Asep
- Asep given name in Standard Sundanese script
- Pronunciation: Asép (Sundanese Alphabet) Asep (Indonesian Alphabet)
- Gender: Masculine
- Language: Sundanese, Badui, Indonesian

Origin
- Language: Old Sundanese
- Meaning: Handsome
- Region of origin: Southeast Asia

Other names
- Variant forms: Aép, Cécép, Encép
- Nickname: Sép

= Asep =

Asép (/su/, romanized as Asep in Indonesian Spelling System) is a male Sundanese or Badui given name. It is derived from the Sundanese root word Kasép, meaning handsome. Other forms of this name are Encép, Cécép, and Aép.

== Possible meanings ==
The meaning of the name Asep depends on the language used.

- In Sundanese, Asep derived from Kasép, means "handsome".
- In Sanskrit, Asep means "scented incense".
- In Indonesian, Asep means “spiritual, mystical, or belief in spirits”.

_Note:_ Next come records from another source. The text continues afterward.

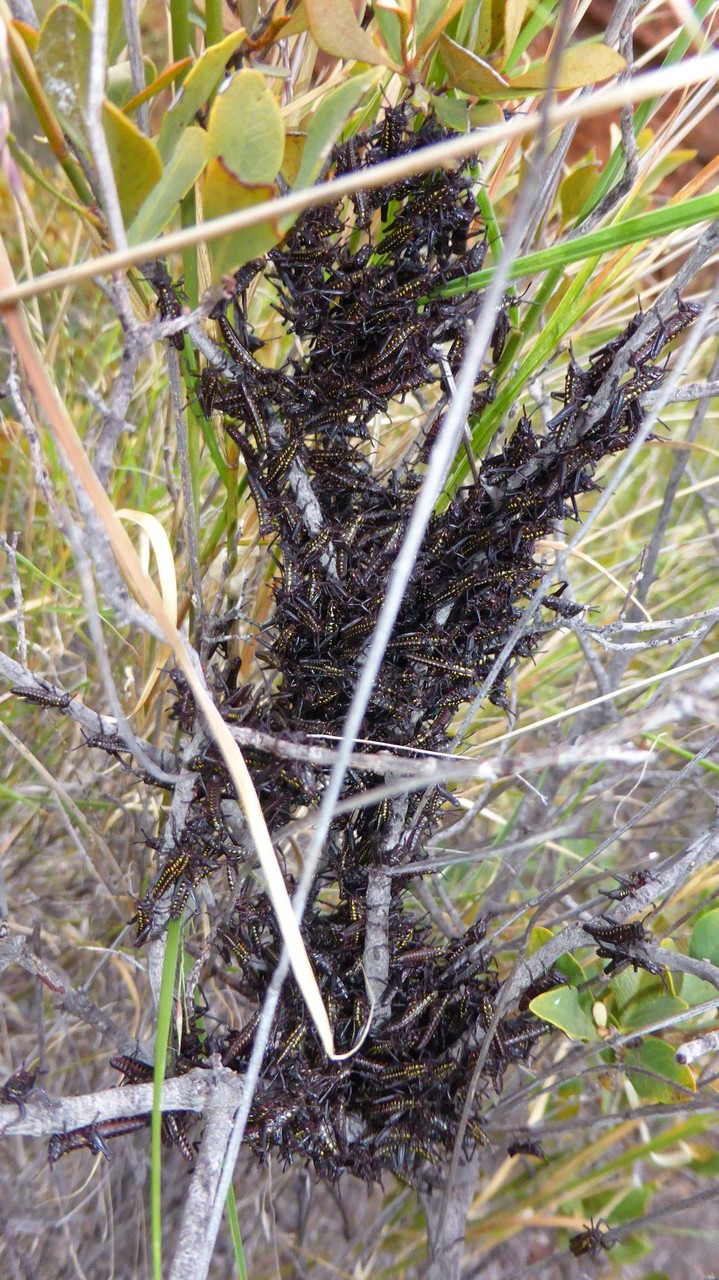 Phymateus baccatus L1 - Waterberg, Namibia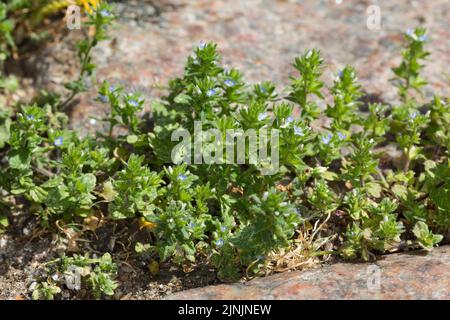 common speedwell, corn speedwell, wall speedwell (Veronica arvensis), grows in a pavin gap, Germany Stock Photo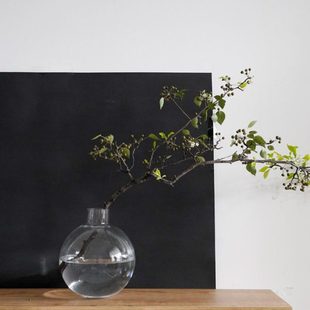 OOOOH圣诞系列北欧简约圆形玻璃花瓶金合欢诺贝松水培插花器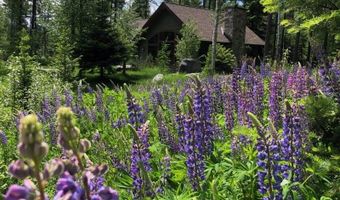500 Wild Swan Trl, Bigfork, MT 59911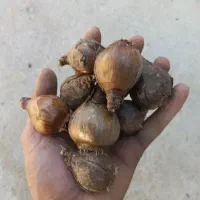 فروش پیاز گل نرگس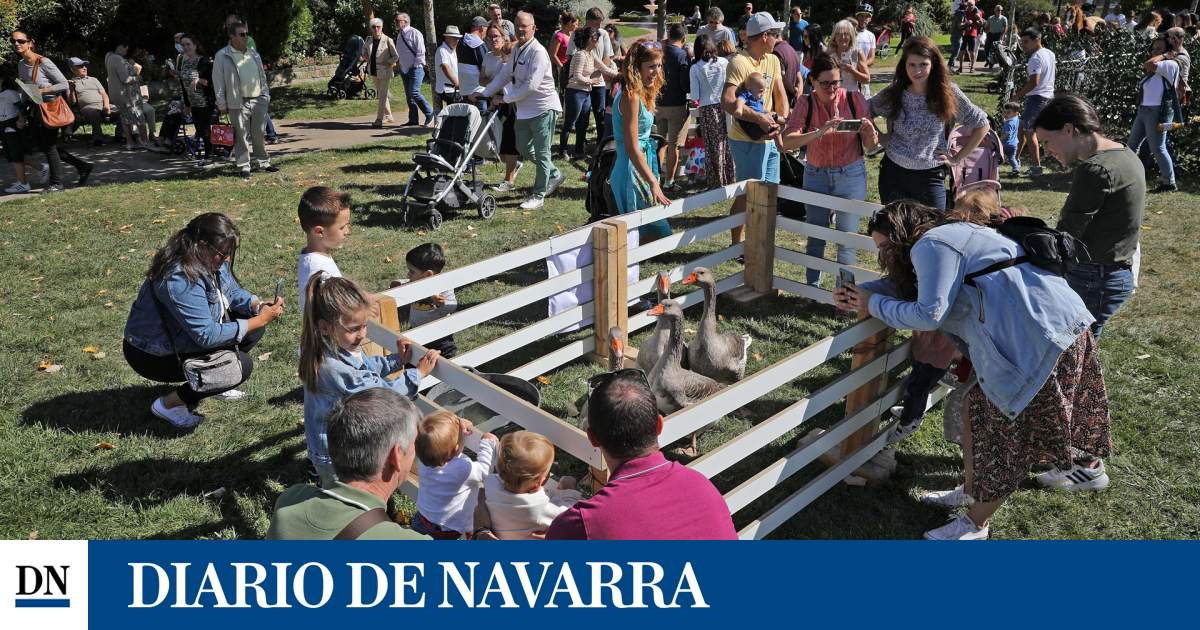 Citas para no perderse este finde en Pamplona y comarca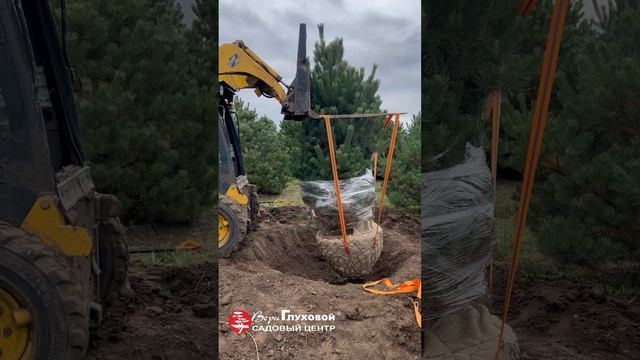 Подготовить для вас крупномер - целое приключение😉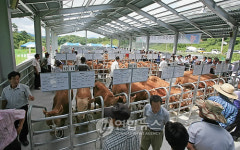 강릉 가축경매시장 개장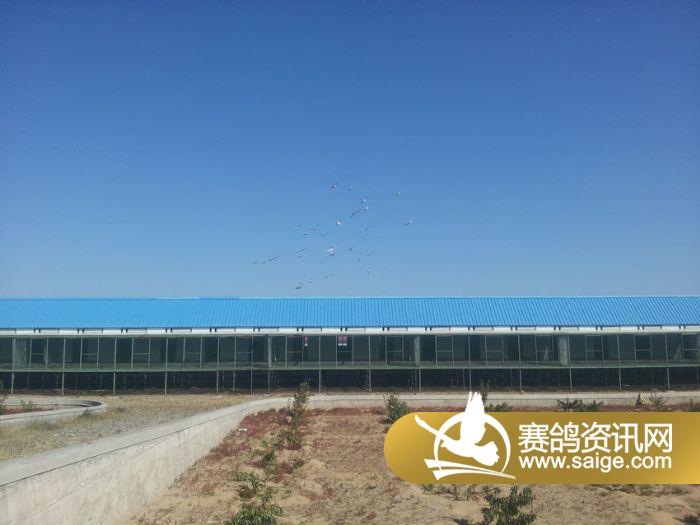 g_a18aafc1-fb93-42dd-9895-adfdaeeb14e4.jpg
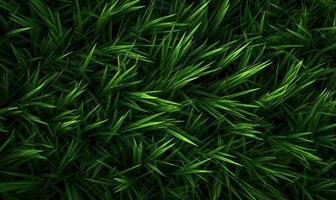 Fresh lush green grass on meadow with drops of water dew. Close-up macro. For banner, postcard, book illustration. Created with generative AI tools photo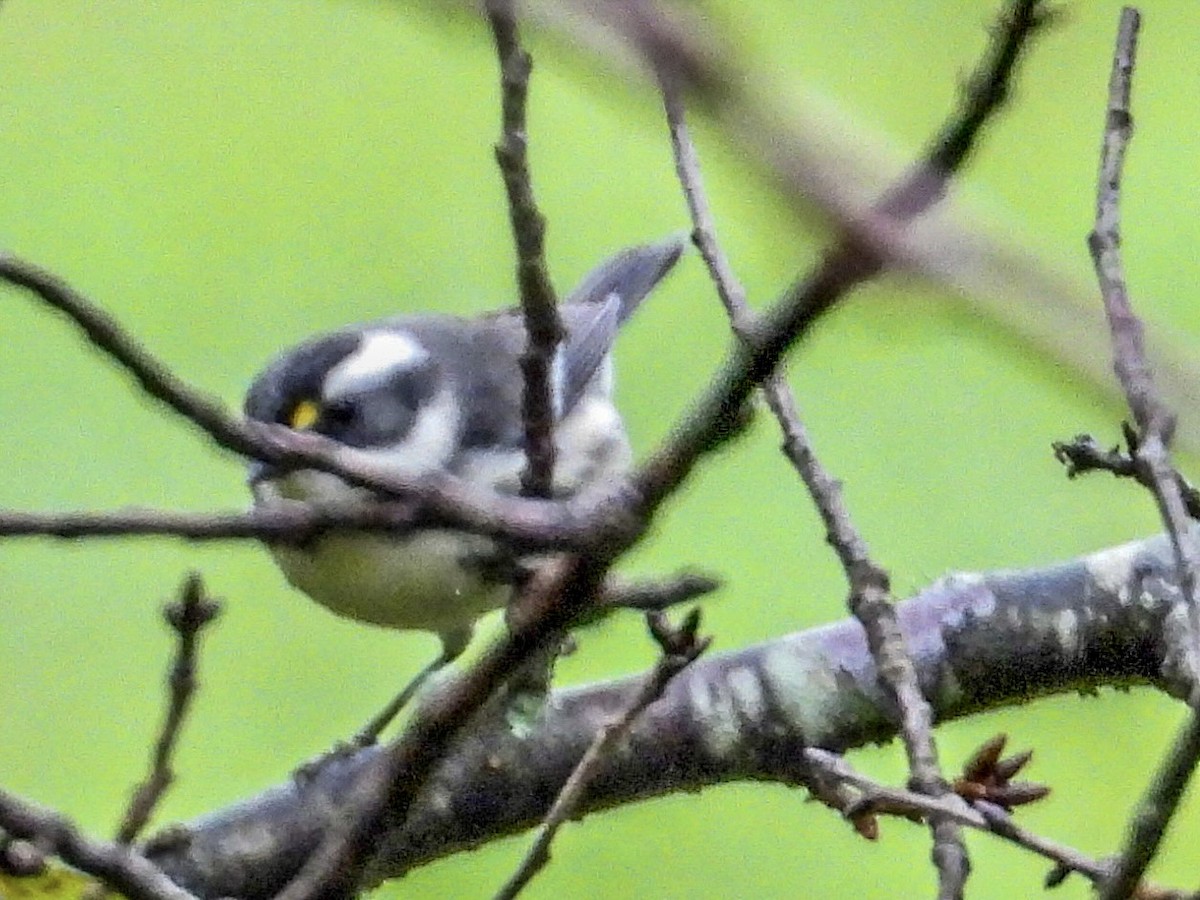 Black-throated Gray Warbler - ML609209845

The three meanings, whether related or not, share a common association with positive qualities. Kasép (“handsome”) conveys the hope that a person named Asep will possess both physical attractiveness and good character, while the reference to fragrant incense symbolizes the expectation that he will spread positivity and goodwill within his surroundings.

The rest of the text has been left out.